HB 4690 (Dutton) requires school boards to adopt a grievance policy that provides multiple levels of review to address a grievance that becomes subject of a complaint filed by a student or parent. The bill requires that such grievance policies: require a complaint to be filed and addressed at each level of review; require the district to provide the policy to each parent and student at the beginning of the school year; prohibit the board or a district employee from retaliating against a student or parent who files a complaint; require a student or parent with multiple grievances arising out of a single event or series of events to address all grievances in a single complaint; permit any notice, form, or decision required to be written to be submitted physically or electronically; require all parties strictly comply with deadlines; also establishes requirements for withdrawal of a complaint. Complainants may appeal the dismissal of a complaint by submitting notice to the district within ten business days after the dismissal. The complainant must also participate in each level of review and provide notice at least three days before a conference to postpone the meeting or have a designee participate instead. The bill creates four levels of complaint: principal, superintendent, board, then hearing examiner. A parent complainant may appeal a decision made by a hearing examiner to the commissioner no later than 30 days after the decision.

The committee voted the following previously heard bills out of committee.

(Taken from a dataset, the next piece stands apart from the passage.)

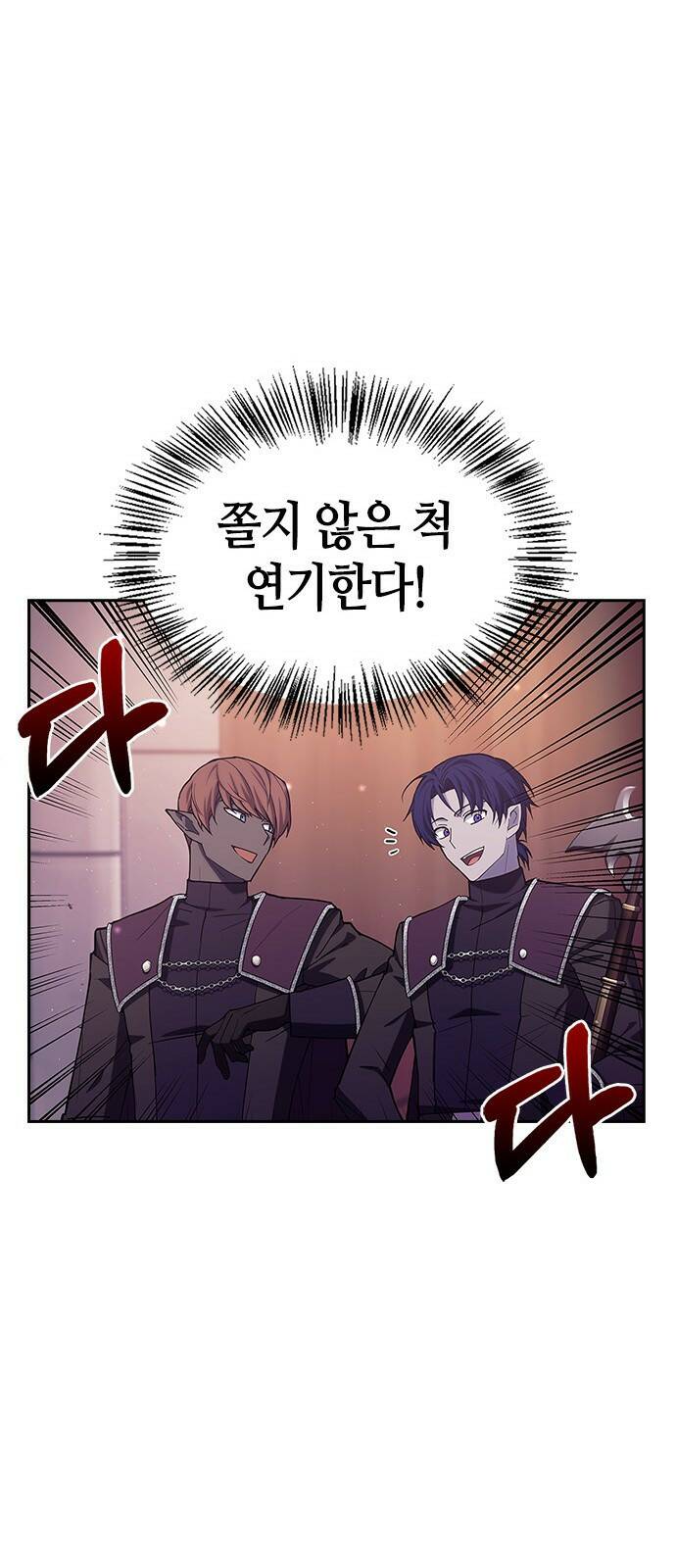 저 그런 인재 아닙니다 2화 18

They will now go to the full House for consideration:

  • CSHB 768 (Allen), heard in committee March 7, would pay certain school employees who currently don’t get paid during state holidays (e.g., bus drivers and paraprofessionals). Rep. Allen said the substitute bill reduces the paid days from the two-week winter break to two days and allows employees to use sick leave on top of that.
  • CSHB 1225 (Metcalf), heard in committee March 14, would require the availability of paper state assessments if requested by a parent. The substitute bill makes several changes to the bill as filed. It is not yet posted.

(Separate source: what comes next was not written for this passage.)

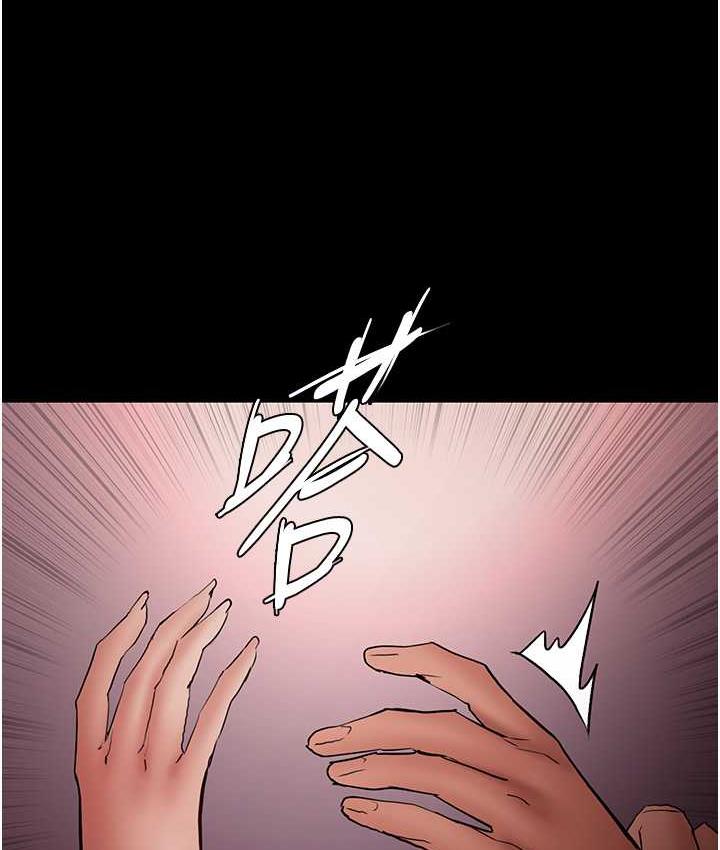 86P - 痴汉成瘾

  • CSHB 1614 (Dutton), heard in committee March 21, is related to the eligibility for free pre-K programs in public schools of certain children who are eligible for the subsidized child-care program administered by the Texas Workforce Commission. The substitute bill changes it from an entitlement to a grant program.
  • CSHB 2164 (Guerra), heard in committee April 4, would direct TEA to develop a deeper and more robust monitoring system for bilingual education programs to allow the agency to identify inadequate programs and provide support where needed. It would also require TEA to develop and make available training materials and other resources on bilingual education to educators and administrators.
  • CSHB 2923 (Dutton), heard in committee March 21, is related to the operation of free pre-K programs by certain school districts and to the early education allotment under the Foundation School Program.
  • SB 1008 (Flores), the identical companion to HB 1955 (Buckley), which was heard in committee March 14 and passed out of committee without amendment March 21, relates to establishing residency for purposes of admission into public schools for families who are members of the armed forces (including state military forces or the reserves).